> _Directions_
From the entries below, output the line with "Musée de Victor Hugo à Villequier" and each following line up to and including the line with "Slim Wooster Jeans", exactly as written.

> _Input records_
[Start of Attachment]
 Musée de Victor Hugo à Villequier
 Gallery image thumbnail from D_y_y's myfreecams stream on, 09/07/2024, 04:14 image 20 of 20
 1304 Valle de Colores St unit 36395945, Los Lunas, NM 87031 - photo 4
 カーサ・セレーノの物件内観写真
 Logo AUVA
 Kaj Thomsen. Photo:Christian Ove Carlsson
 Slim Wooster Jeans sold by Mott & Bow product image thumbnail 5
[End of Attachment]
[Start of Attachment]
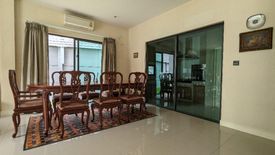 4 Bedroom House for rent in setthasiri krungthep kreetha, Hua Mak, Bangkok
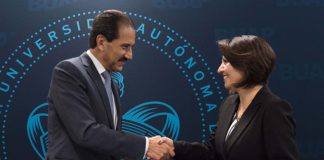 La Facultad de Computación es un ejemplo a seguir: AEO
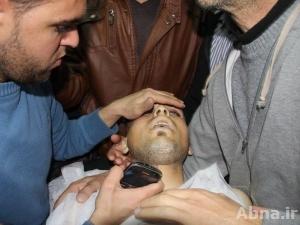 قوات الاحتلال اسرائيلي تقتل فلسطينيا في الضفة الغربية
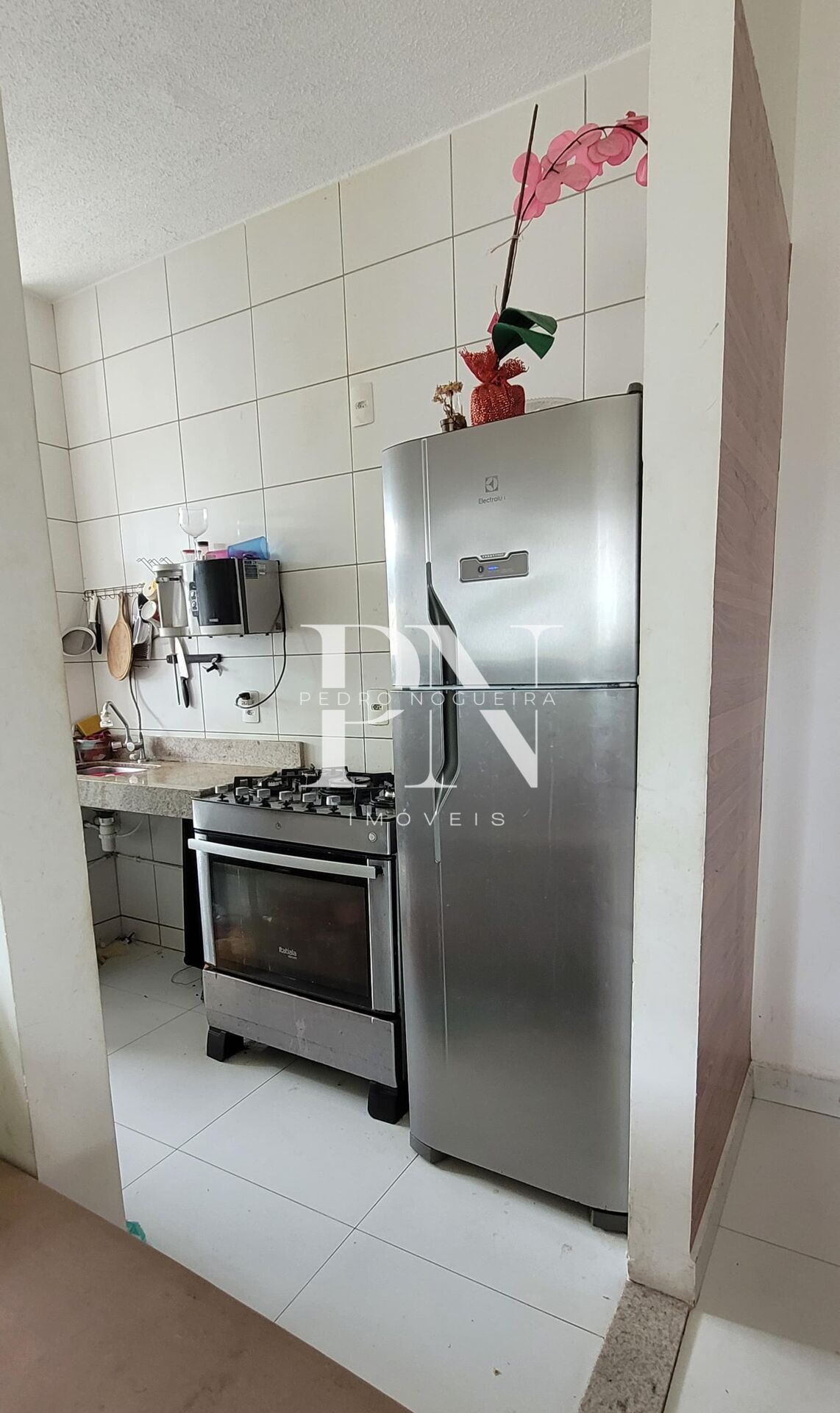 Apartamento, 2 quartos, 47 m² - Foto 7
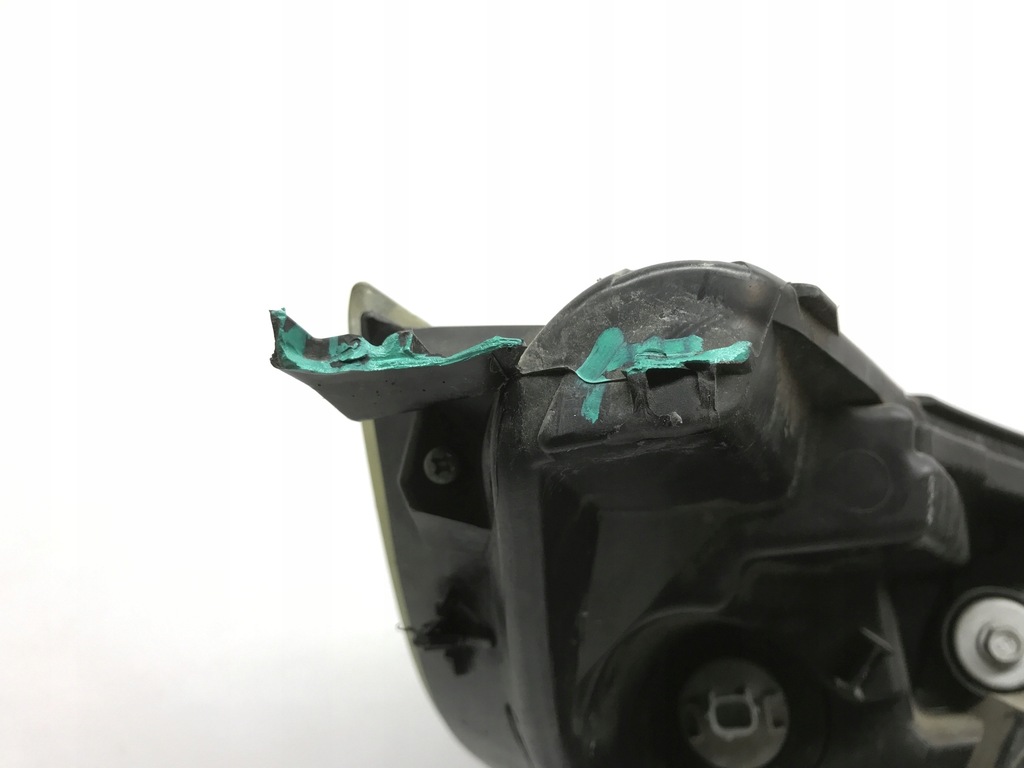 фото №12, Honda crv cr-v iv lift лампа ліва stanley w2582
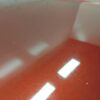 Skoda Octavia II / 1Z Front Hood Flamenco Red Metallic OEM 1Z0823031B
[End of Attachment]
> _Task response_
 Musée de Victor Hugo à Villequier
 Gallery image thumbnail from D_y_y's myfreecams stream on, 09/07/2024, 04:14 image 20 of 20
 1304 Valle de Colores St unit 36395945, Los Lunas, NM 87031 - photo 4
 カーサ・セレーノの物件内観写真
 Logo AUVA
 Kaj Thomsen. Photo:Christian Ove Carlsson
 Slim Wooster Jeans sold by Mott & Bow product image thumbnail 5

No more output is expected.